Ficamos e estamos maravilhados, apaixonados, por estas terras e gentes, cultas ou não, gentis, prestativas, simples no viver e ser, em que a cultura de tradições, usos e costumes, transparecem em cada um, em cada detalhe.

Esta região – como creio que em outras muitas destas minas gerais – tem artesãos de tudo: sapateiros, fotógrafos, serralheiros, vidreiros, costureiras e costureiros, torradores de café em pequeno varejo, doceiras e doceiros...
Todos artesãos de fato onde se leva um pedido, se vê e fala com uma pessoa, acerta detalhes, coisas que desapareceram de todas as capitais, onde tudo isto foi industrializado, transformado em redes impessoais de franquias.

Gente, gente agora minha, por favor tome consciência deste valor inestimável!  Governantes de nossas cidades e Estado, entendam, não permitam que este patrimônio se perca, se acabe!

Esta gente de toda a região ao entorno nos acolheu e nos trata como iguais, nos convidam para suas casas, para qualquer evento importante aqui e ali.

Neste ano da graça de Nosso Senhor Jesus Cristo de 2019, tive a honra de ser convidado para o casamento de dois jovens de cidade do entorno, muito queridos e por ali e aqui admirados.

Dentre tantas igrejas famosas, veneradas e muito frequentadas, escolheram a Basílica Nossa Senhora da Conceição do Rio Verde.

Não saberia chegar lá: contratei um motorista e fui.

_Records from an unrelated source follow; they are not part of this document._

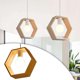 thumbnail image 5 of Luz colgante LED Lámpara de Iluminación Tienda Lámpara cho 26x26x15cm Yuyangstore Lámpara colgante de techo, 5 of 8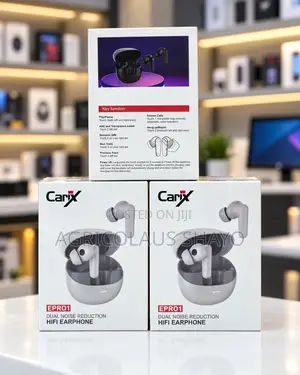 Carix EPRO1 Dual Noise Reduction HiFi Earphones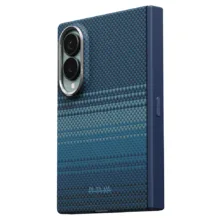 Pitaka รุ่น Edge Case (Aaron Button) - เซ็ตเคสและฟิล์ม Galaxy Z Fold 8 - สี Moonrise - Image 6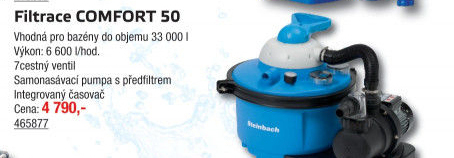 Bazénová filtrace Comfort 50 Steinbach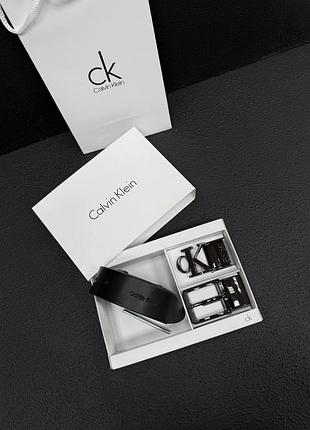 Подарочный набор ремень calvin klein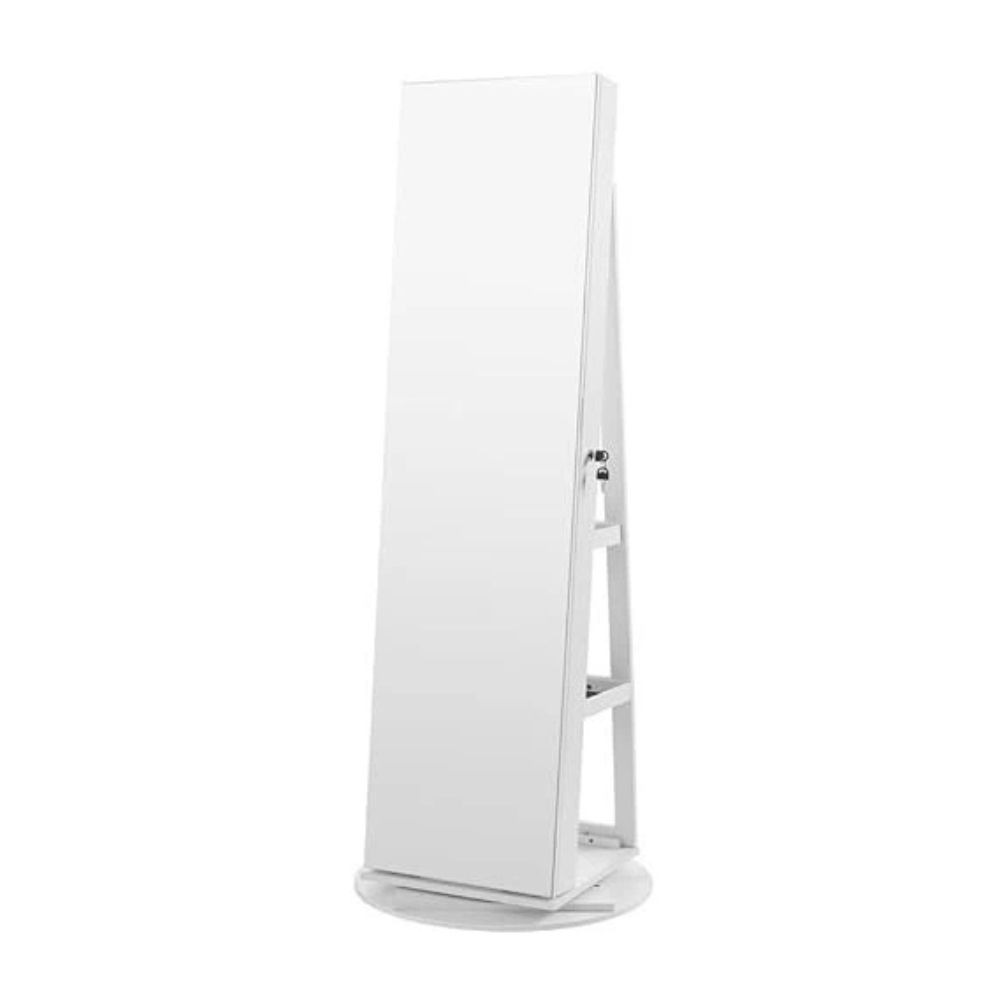 Songmics Full-Length Mirror Jewellery Organiser Cabinet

Não poderia imaginar que um município com população tão pequena pudesse ter uma Catedral assim tão grande: Imponente, bonita, de arquitetura externa em neobarroco mineiro de linhas retas, interna em estilo neogótico despido, grande cúpula, com suas colunas e capitéis encimados por estátuas excelentes dos doze apóstolos.
Apenas as paredes ainda estão brancas, sem pinturas. Por elas esperam; pela fé inabalável, amor à tradição, generosidade, tenacidade e grandeza de seu povo, certamente virão.



Igreja repleta da gente do lugar e arredores, as mulheres e moças em seus melhores vestidos, cabelos, maquiagem, quase todas em belos sapatos de saltos altos.
Os homens, além do noivo, os das famílias e muitos padrinhos, todos em ternos pretos, gravatas claras; só eu e mais dois ou três de paletó e camisa social sem gravata.
Todos os outros em trajes informais, muitos bem simples, certamente seus melhores.

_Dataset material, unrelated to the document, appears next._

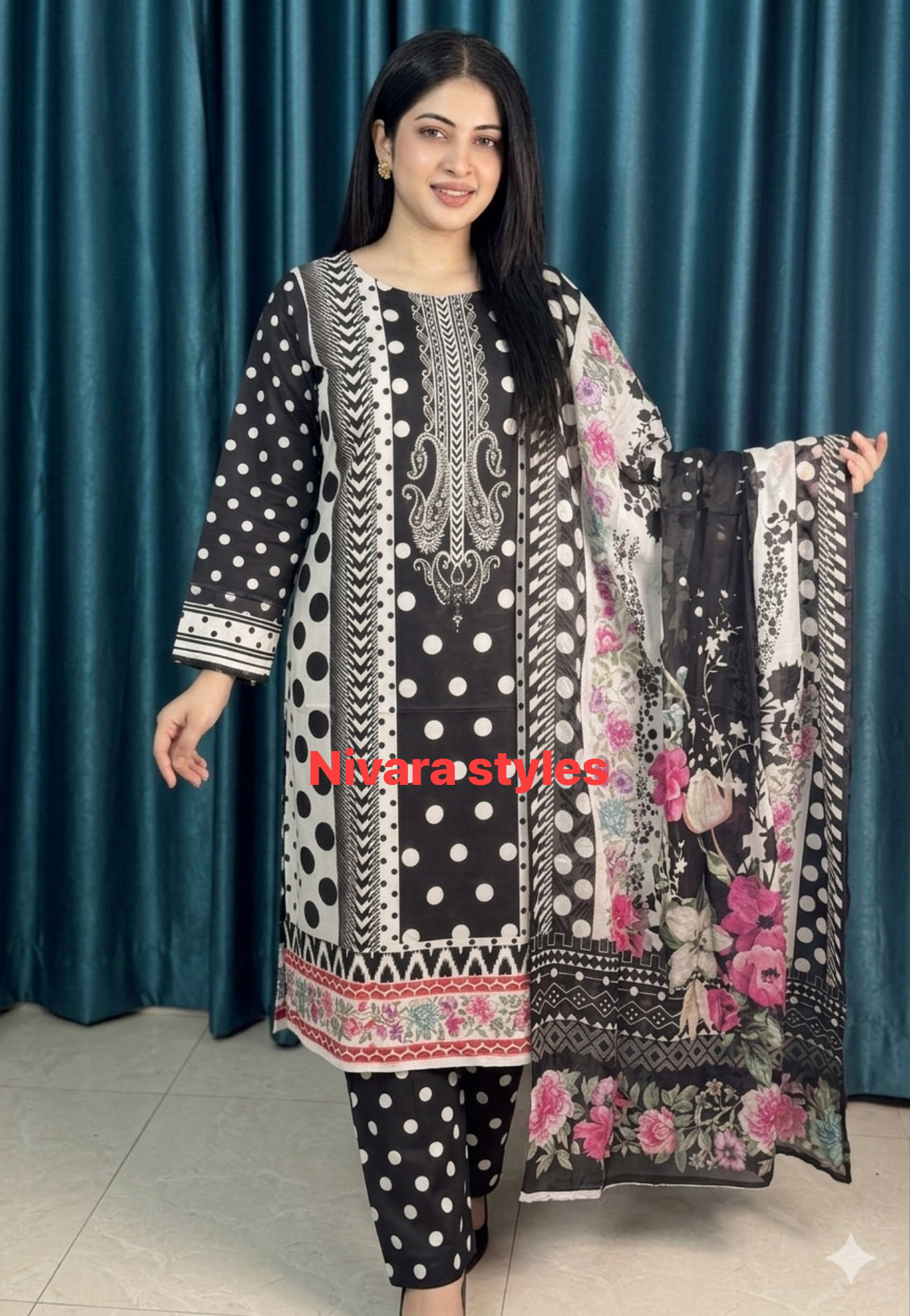 Cotton luxury 3 piece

Com música e canto de pequeno conjunto de teclado, violino, violão, cantora e cantor afinados, esperamos a entrada da noiva, bonita em lindo vestido, que, princesa que sabe ser, por todos passa com sorrisos e acenos só para privilegiados.

Longa e tradicional Missa.
Vigário, próprio do local e redondezas, faz homilia e repete trechos das escrituras, palavras dele reais, para seu povo real. Nada de inovações e homilias famosas de vigários das capitais, com tiradas alegres, brincadeiras, citações não ortodoxas.

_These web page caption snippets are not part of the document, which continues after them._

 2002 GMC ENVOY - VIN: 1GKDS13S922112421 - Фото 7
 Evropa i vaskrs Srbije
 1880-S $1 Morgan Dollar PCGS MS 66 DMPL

Finalmente a enorme fila de cumprimentos aos noivos e famílias que, sem demonstrar  qualquer cansaço, sorriam, simpáticos, corteses, alegres.

Ainda novato nestas plagas, o motorista contratado me levou à festa no enorme galpão, já preparado, enfeitado, mesas para três, e outras para muitos convidados – que eram TODOS que quisessem vir – com música ao vivo adequada.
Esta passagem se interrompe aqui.